Re: crush optimization targets

Xavier Villaneau <xavier.ceph@xxxxxxxxxxxx> · Thu, 11 May 2017 01:52:01 -0400

Hello Sage,

On 05/10/2017 at 09:00 AM, Sage Weil wrote:
I *think* this is the simplest way to approach this (at least currently),
although it is not in fact perfect.  We basically assume that the crush
rules the admin has set up "make sense."  For example, if you have two
crush rules that target a subset of the hierarchy, but they are
overlapping (e.g., one is a subset of the other), then the subset that is
covered by both will get utilized by the sum of the two and have a higher
utilization--and the optimizer will not care (in fact, it will expect it).
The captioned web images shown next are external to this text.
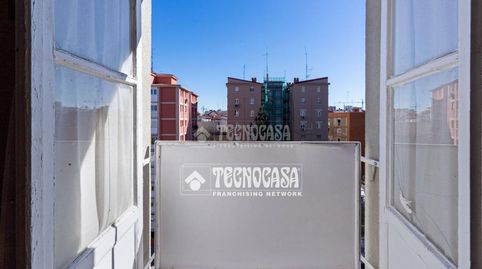 Foto 4 de Pis en venda a Quintana, Madrid Capital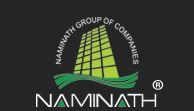 Shree Naminath Group Of Companies logo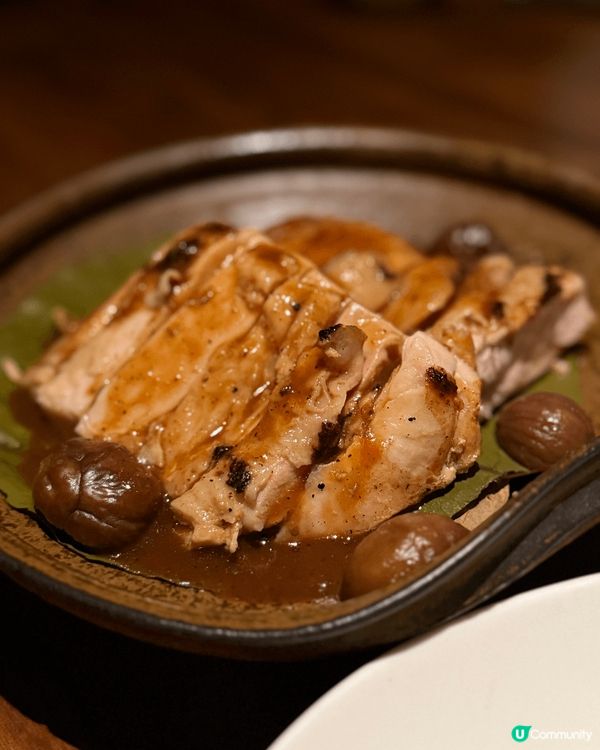 深圳「元古」的精緻美食之行！位於深圳萬象天地的元古，餐廳裝修...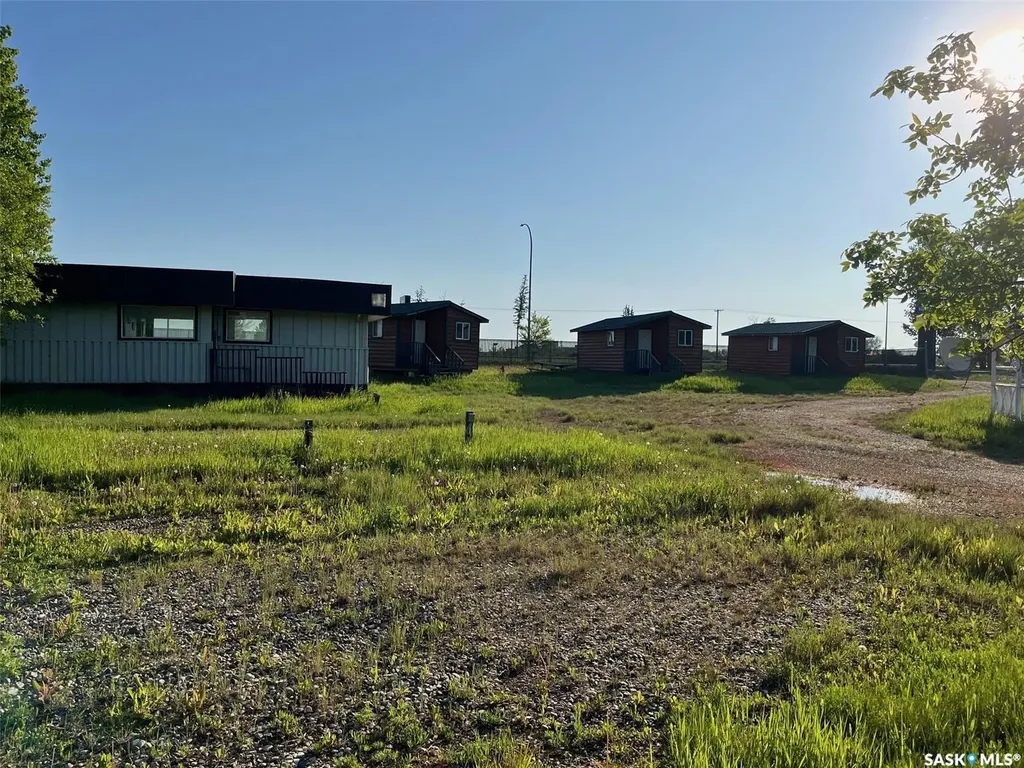 Rural Address Estevan Rm No. 5 SK S4A 2A7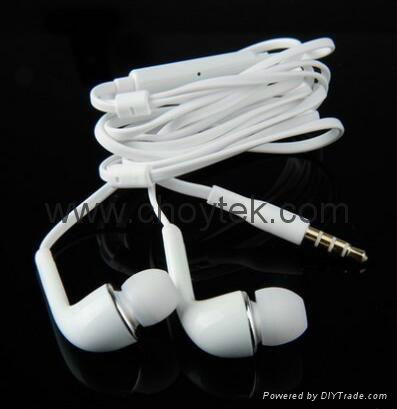 Headset Earphone Earbud EO-HS3303WE for SAMSUNG Galaxy S5,S4,S3,Note 2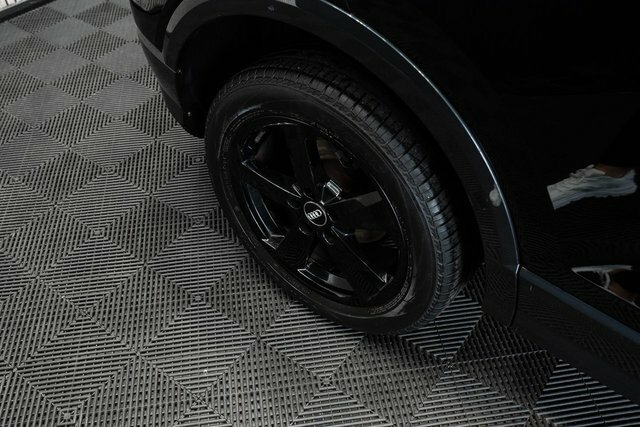 Audi Q2 Q2 Sport Tfsi Black #49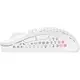 Миша Xtrfy M42 WL RGB White (M42W-RGB-WHITE)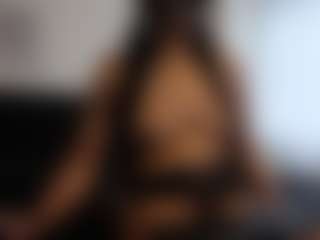 TheEbonyGoddessXO's Live Sex Cam Show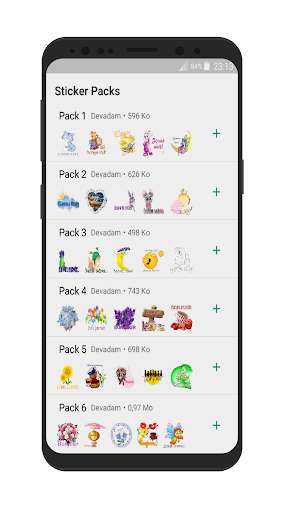 Run android online APK Bonjour et Bonne Nuit Autocollants from MyAndroid or emulate Bonjour et Bonne Nuit Autocollants using MyAndroid Run android online APK Bonjour et Bonne Nuit Autocollants from MyAndroid or emulate Bonjour et Bonne Nuit Autocollants using MyAndroid
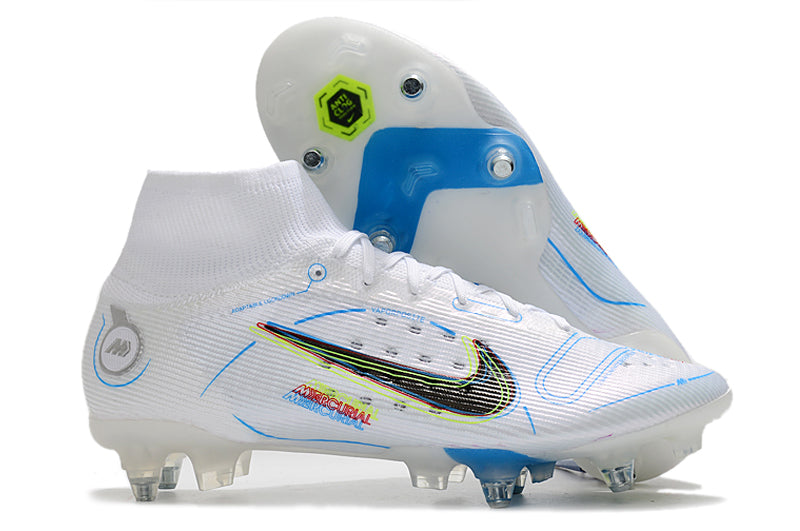 Nike Mercurial Superfly 8 Elite SG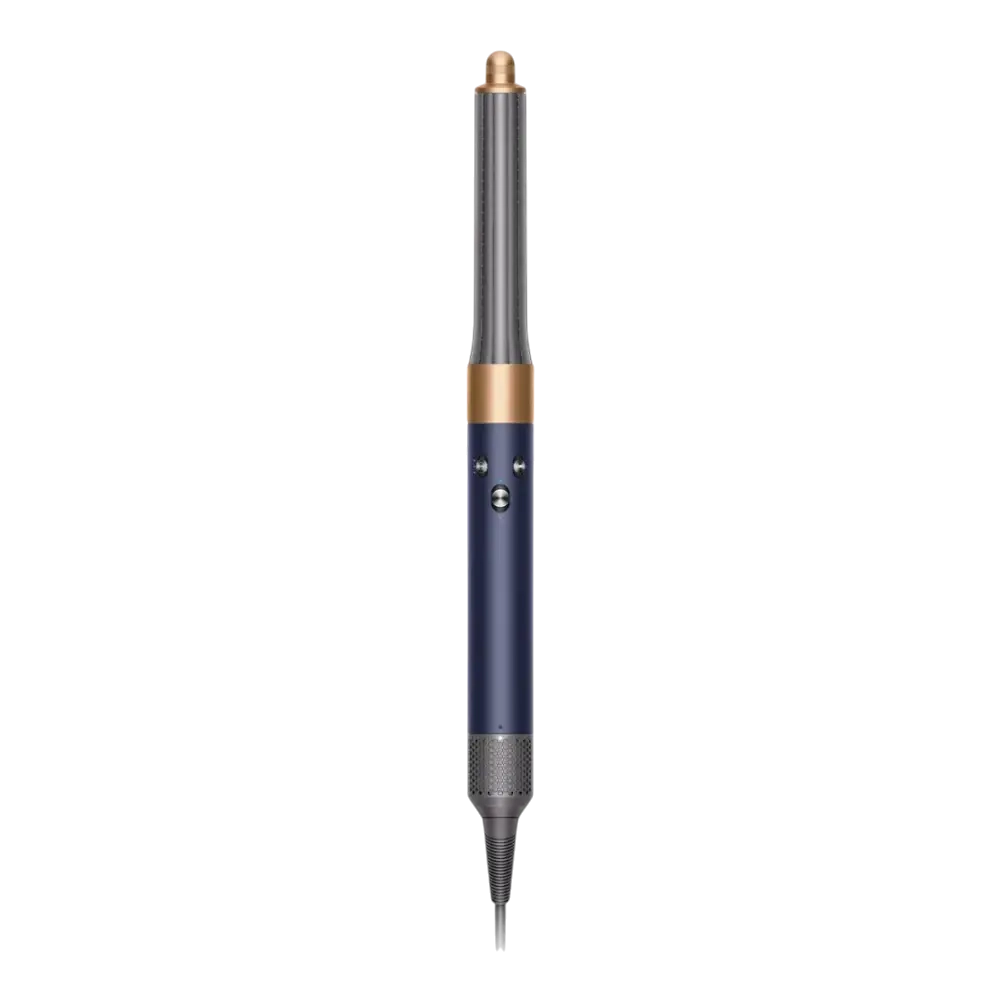 Стайлер Dyson Airwrap HS05 Complete Long Volumise Prussian Blue/Rich Copper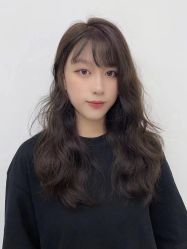 -16番发型
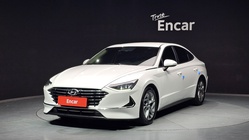 Hyundai Sonata 2021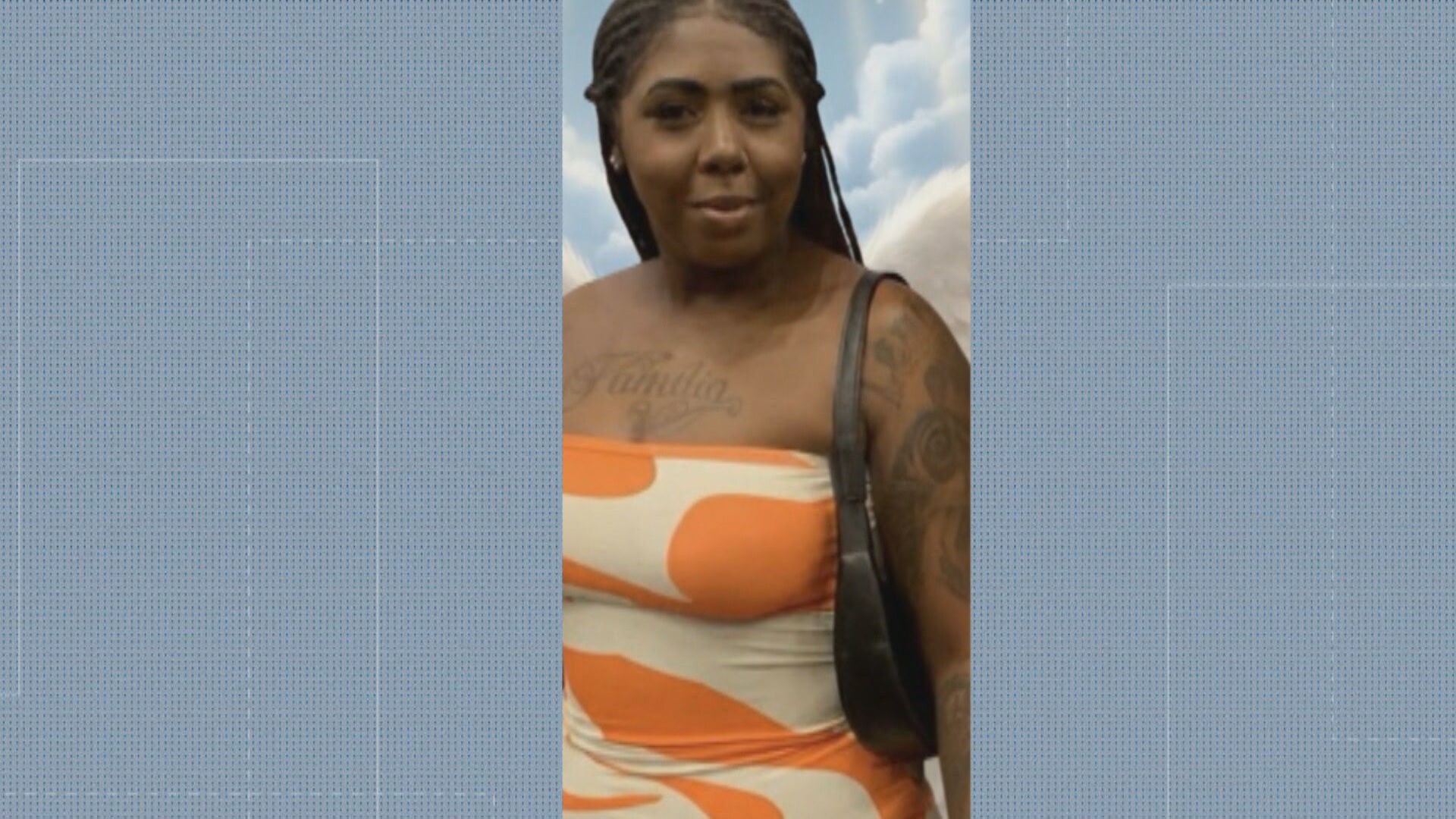 Mulher morta no Andaraí seguia para bloco quando foi baleada durante tiroteio entre bandidos rivais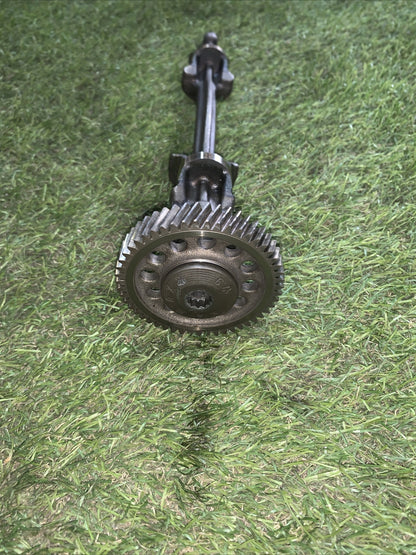 Albero Di Bilanciamento Volkswagen Golf 7 2.0 184 CV 03N103303B (2)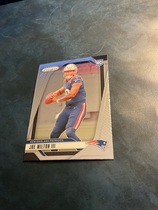 2024 Panini Prizm #354 Joe Milton Iii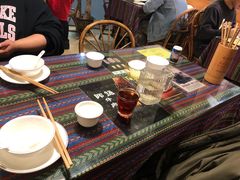 -呐咪傣园·云南菜(石厦店)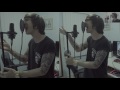 Pierce The Veil King For A Day Full Cover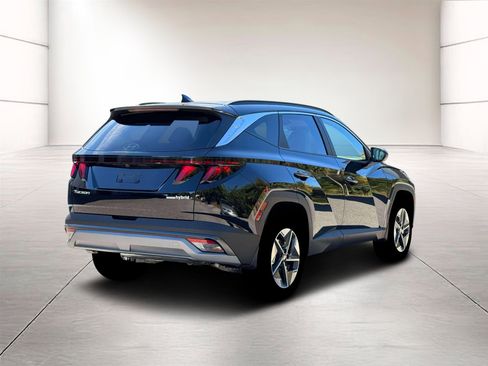 New 2026 Hyundai Tucson SEL AWD/4WD image 7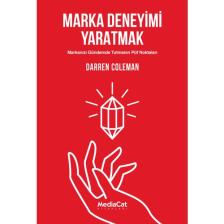 Marka Deneyimi Yaratmak - Darren Coleman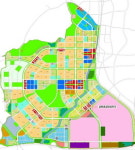 LH, 고덕국제화계획지구 근린상업용지 28필지 분양 3.3㎡당 1517만원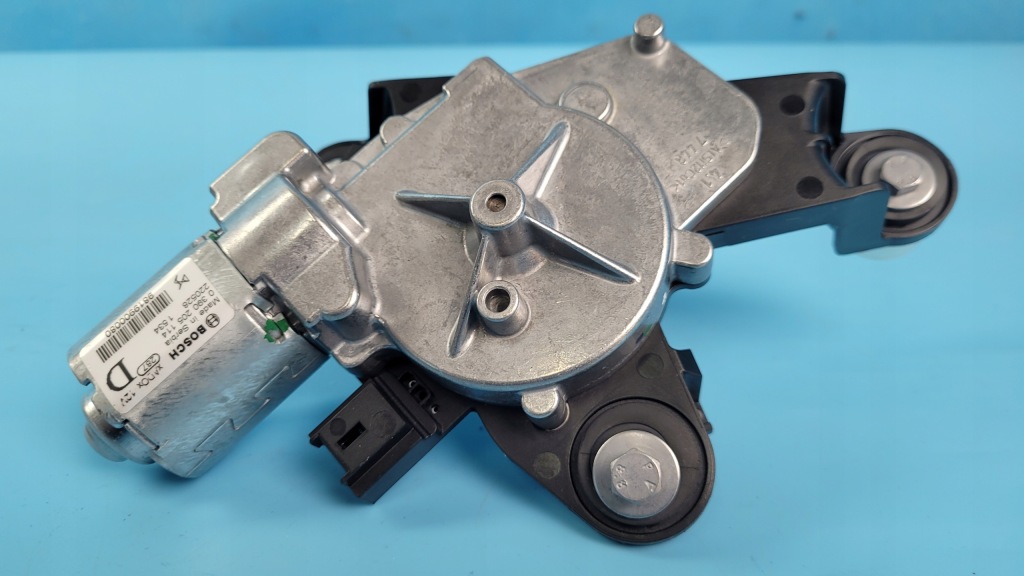 фото №9, Peugeot 508 ii 22r моторчик дворники задняя 9819900080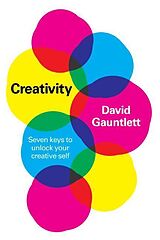 Livre Relié Creativity de David Gauntlett
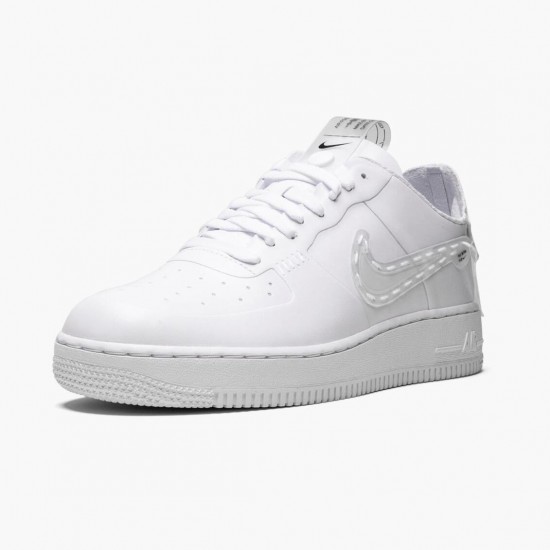 Nike WMNS Air Force 1 Low Noise Cancelling Pack Odell Beckham Jr CI5766 110 Sports Shoes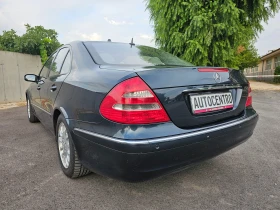     Mercedes-Benz E 320 O AirMatic  Xenon 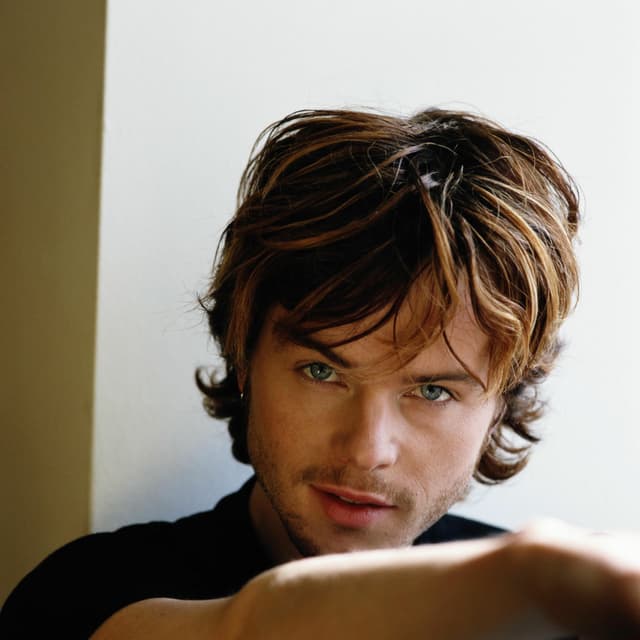 Espen Lind
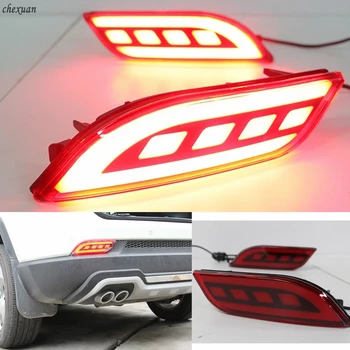 CSCSNL 2PCS LED Reflector For Jeep compass 2017 2018 2019 Rear Light Brake Light Bumper Light Taillight
CSCSNL 2PCS LED Reflector For Jeep compass 2017 2018 2019 Rear Light Brake Light Bumper Light Taillight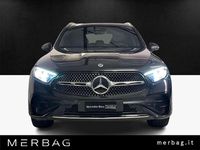 Usata Mercedes GLC220 Advanced Plus 197 CV (144 kW) 2022 Grigio SUV
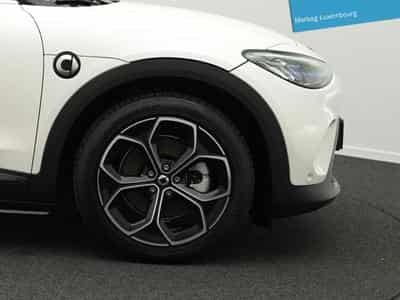 Smart #3 Pro (49kWh) (+3.000 Euro Klimabonus Luxembourg) (2023) - Foto 8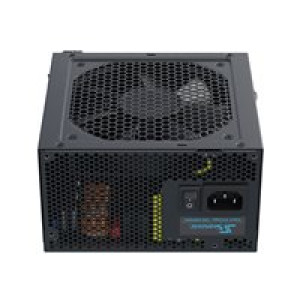 SEASONIC Netzteil Seasonic 850W G12 GM-850 Semi-Modular (80+Gold) 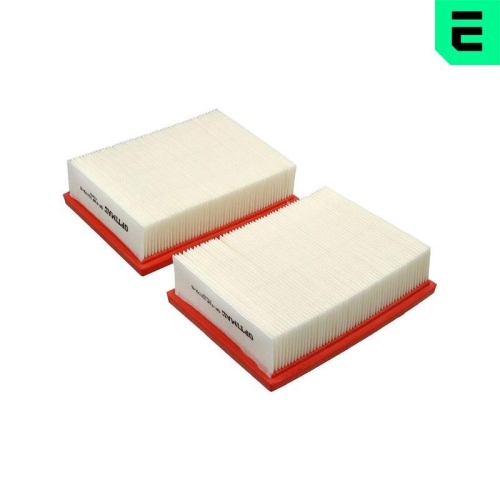 OPTIMAL Luftfilter OP-FAF10172-S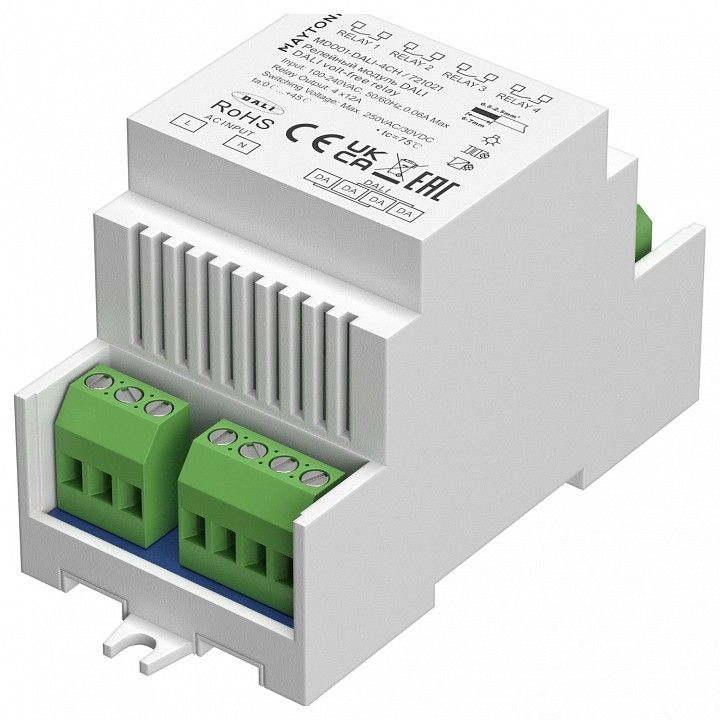 Контроллер-диммер Maytoni Lighting control Модули 721021
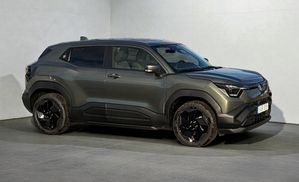 Suzuki e Vitara bild 9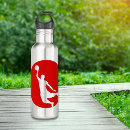 Search for basketball water bottles Dunk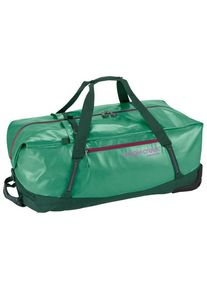 Reisetasche Eagle Creek Migrate Wheeled Duffel 130 (Gr 130 l |grün/türkis |wasserdicht)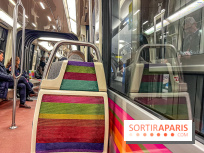 visuel Paris visuel  - métro - ratp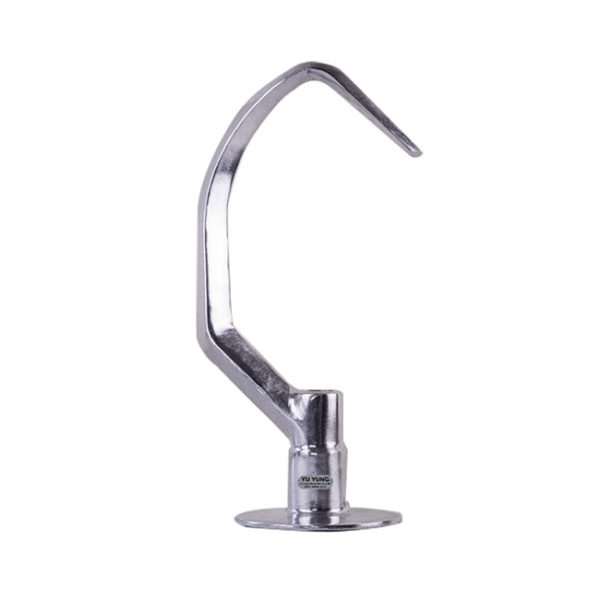 Dough Hooks (E style) 60qts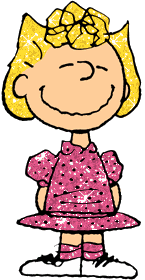 Cartoons glitter gifs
That rules out at least one potential use-case, though: say you have a
pool and rule defined that target a single host.  Depending on how much
you store in that pool, those devices will be that much more utilized.
One could imagine wanting Ceph to automatically monitor that pool's
utilization (directly or indirectly) and push other pools' data out of
those devices as the host-local pool fills.  I don't really like this
scenario, though, so I can't tell if it is a "valid" one we should care
about.
It looks like upmap calculation works by counting placement groups, so 
"weird" maps and rules are mostly a problem if the overlapping pools 
have different ratios of bytes per PG. Maybe that data could be used in 
the algorithm, but I don't know if the added complexity would be worth 
it. At this point, it is probably fair to think those corner cases are 
only seen on maps created by knowledgeable users.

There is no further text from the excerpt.